経済学者の言っている事が理解できるようになる

経済学者が経済政策について語る時、自信満々に語る人も多いので、「偉い先生が言っている事だから、この経済政策は正しいに違いない」と思っている人も多いようですが、そこをしっかり見極めるためには、情報の受け手が経済学の基本的な考え方を知っている必要があります。

経済学を学んだ経験があれば、その政策が導かれた時の経済学者の思考回路が理解でき、その政策が推進すべきものか否かを判断する事が出来るようになるでしょう。

一例をあげると、主流派の経済学者は失業を気にしません。筆者が若手銀行員として景気の予想に従事していた頃、高明な経済学者と雑談をする機会に恵まれました。「円高で失業が増えて大変ですね」と申し上げた所、「円高で輸出企業の社員が失業しても、気にする事はない。彼らは輸出企業以外の職場で働けば良いのだから」と言われたのです。

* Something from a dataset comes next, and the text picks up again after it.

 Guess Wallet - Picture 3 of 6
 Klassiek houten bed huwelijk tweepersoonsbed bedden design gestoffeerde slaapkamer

精緻な経済学理論としては、「失業した人はいつまでも無収入であるよりも、安い賃金でも働けるところで働くはずだ。だから失業者は特に対策をとらなくても時間とともに減っていく」ということになるらしいのです。それを知っていた筆者は、彼がそう発言した理由は理解できましたし、彼が現実を見つめていないという事も理解できたのでした。

本稿は、以上です。なお、本稿は拙著「大学の常識は、世間の非常識」の内容の一部をご紹介したものであり、内容はすべて筆者の個人的な見解です。筆者が大学で感じた違和感が綴ってありますが、海外旅行の旅行記のように、「違いの説明」であって、批判ではありません。